Instituto Politecnico National (National Polytechnic Institute), Mexico
Biography:
Marlet Martinez has a Ph.D. from Universidad Politecnica de Catalunya, Barcelona and a Postdoc in Structural Bioinformatics from Institut Pasteur, Paris, France. Nowadays, She works at the National Polytechnic Institute (IPN) in Mexico City where she carries out research on Structural Bioinformatics of diverse protein, MD simulations, docking analysis of potential ligands, drug design, among others. She has published about 17 publications in JCR articles, directed about five Master Degree Thesis in Pharmacology and Bioinformatics as well as two Ph.D. theses. She has been invited as a lecturer by the Biophysical Society (USA), Congress of International Drug Discovery.

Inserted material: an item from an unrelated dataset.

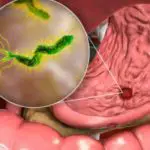 Helicobacter pylori symptômes : comment se manifeste cette infection ?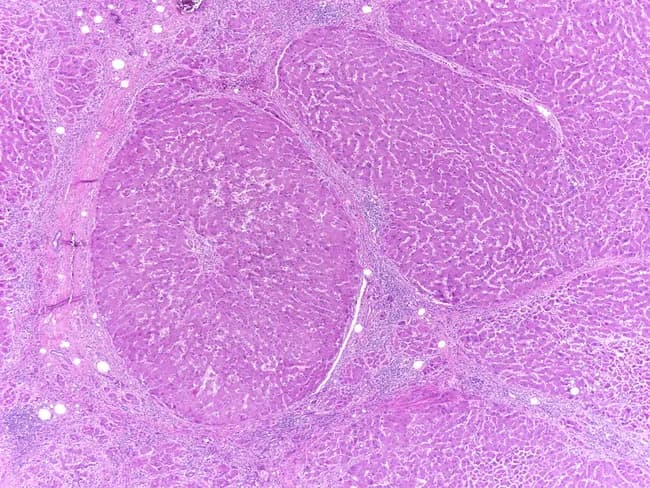 Histology image of cirrhotic liver tissue stained with hematoxylin and eosin (H&E). The hepatic architecture is markedly disrupted by broad fibrous septa bridging across regenerating nodules. The nodular parenchyma comprises thickened plates of hepatocytes organized into irregular lobules, with islands of regenerated hepatocytes separated by dense stromal bands. The nodules appear macronodular, with diameters exceeding the 3-millimeter threshold, corresponding to macronodular cirrhosis; features of micronodular cirrhosis, such as small regenerative nodules, are less evident here. Chronic inflammatory cell infiltrates are present within the fibrous septa and portal tracts, consistent with a long-standing inflammatory process. Vascular remodeling and porto-systemic shunting may be suggested by bridging fibrosis and nodular regeneration. In chronic hepatitis B infection, hepatocytes often show ballooning degeneration and occasional Councilman-like necrosis, though the hallmark is the regenerative nodularity and bridging fibrosis rather than overt tumor. Overall, this image demonstrates the morphological hallmarks of cirrhosis: altered lobular architecture, regenerating nodules, fibrous septa, and chronic inflammatory infiltration. Clinically, such histology correlates with portal hypertension risk, impaired synthetic function, and elevated hepatocellular carcinoma risk in chronic HBV carriers. This slide provides a robust reference for teaching nodularity classification and cirrhosis staging from a histopathologic perspective.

G protein-coupled receptors (GPCRs) represent one of the largest proteins in mammals that play a key role in the transmission of external signals to the cell interior. GPCRs can be activated by ligands, hormones, light, as many others. GPCRs play a key role in an incredible array of functions in the human body, and increased understanding of these receptors has greatly affected modern medicine. In fact, researchers estimate that about 50% of the entire marketed drugs act binding to GPCRs. As their name implies, GPCRs interact with G proteins in the plasma membrane. When an external signaling molecule binds to a GPCR, it causes a conformational change in the membrane protein. Then, this change triggers the interaction the GPCR and a nearby G protein. Nowadays, computational techniques such as Molecular dynamics (MD) simulations represent a powerful tool to detect these conformational changes that occur in the membrane proteins as a result of ligand binding (1). On the other side, docking analysis permit to predict not only the affinity of the ligands of interest on the membrane proteins but also to identify the residues that are involved in the molecular recognition in the binding process. Our works present some examples of MD simulations of GPCRs by using NAMD Program (2). In this process, we have employed the following force fields, CHARMM22 for protein and CHARMM27 for lipids, and TIP3 model for water molecules. Specific server (OPM) was used to orient the membrane proteins in the lipid bilayer. Structural analysis was carried out by using the Carma Program. From these results, we were able to investigate the stability of the proteins, identification of most flexible residues, and residues which could be involved in the molecular recognition process. Moreover, our results permitted to get some insights about the design of known or new drugs that target these important receptors.